**Activity:** Identify the line in which "Un camion avec" appears, then reproduce that line and all remaining lines of the records word for word.

(Short descriptive text snippets)
· · · · ·

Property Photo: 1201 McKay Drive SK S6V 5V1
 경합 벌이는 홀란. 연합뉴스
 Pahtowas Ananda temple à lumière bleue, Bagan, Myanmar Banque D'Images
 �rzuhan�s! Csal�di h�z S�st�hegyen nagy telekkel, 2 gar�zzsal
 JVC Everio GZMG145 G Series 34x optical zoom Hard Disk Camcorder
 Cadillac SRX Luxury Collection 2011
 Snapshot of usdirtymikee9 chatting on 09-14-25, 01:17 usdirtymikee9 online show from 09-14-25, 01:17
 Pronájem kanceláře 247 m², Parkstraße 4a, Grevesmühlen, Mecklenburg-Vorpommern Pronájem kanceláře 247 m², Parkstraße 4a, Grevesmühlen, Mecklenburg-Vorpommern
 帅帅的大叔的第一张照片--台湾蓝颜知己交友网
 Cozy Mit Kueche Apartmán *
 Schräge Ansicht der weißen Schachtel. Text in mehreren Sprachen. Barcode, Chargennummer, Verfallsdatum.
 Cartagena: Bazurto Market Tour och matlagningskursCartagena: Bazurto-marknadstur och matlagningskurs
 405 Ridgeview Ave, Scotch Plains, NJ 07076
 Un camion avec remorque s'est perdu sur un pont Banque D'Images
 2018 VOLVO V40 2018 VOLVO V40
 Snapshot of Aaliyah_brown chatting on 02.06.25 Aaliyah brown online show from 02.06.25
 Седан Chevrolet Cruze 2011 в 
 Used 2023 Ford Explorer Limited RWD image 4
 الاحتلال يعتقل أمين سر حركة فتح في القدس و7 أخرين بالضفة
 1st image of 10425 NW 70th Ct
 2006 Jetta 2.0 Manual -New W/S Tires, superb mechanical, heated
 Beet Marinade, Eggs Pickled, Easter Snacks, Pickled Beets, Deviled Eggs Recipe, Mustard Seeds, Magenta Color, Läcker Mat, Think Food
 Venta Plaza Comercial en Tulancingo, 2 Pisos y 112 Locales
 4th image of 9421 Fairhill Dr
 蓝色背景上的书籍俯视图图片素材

· · · · ·

**Exercise answer:**
 Un camion avec remorque s'est perdu sur un pont Banque D'Images
 2018 VOLVO V40 2018 VOLVO V40
 Snapshot of Aaliyah_brown chatting on 02.06.25 Aaliyah brown online show from 02.06.25
 Седан Chevrolet Cruze 2011 в 
 Used 2023 Ford Explorer Limited RWD image 4
 الاحتلال يعتقل أمين سر حركة فتح في القدس و7 أخرين بالضفة
 1st image of 10425 NW 70th Ct
 2006 Jetta 2.0 Manual -New W/S Tires, superb mechanical, heated
 Beet Marinade, Eggs Pickled, Easter Snacks, Pickled Beets, Deviled Eggs Recipe, Mustard Seeds, Magenta Color, Läcker Mat, Think Food
 Venta Plaza Comercial en Tulancingo, 2 Pisos y 112 Locales
 4th image of 9421 Fairhill Dr
 蓝色背景上的书籍俯视图图片素材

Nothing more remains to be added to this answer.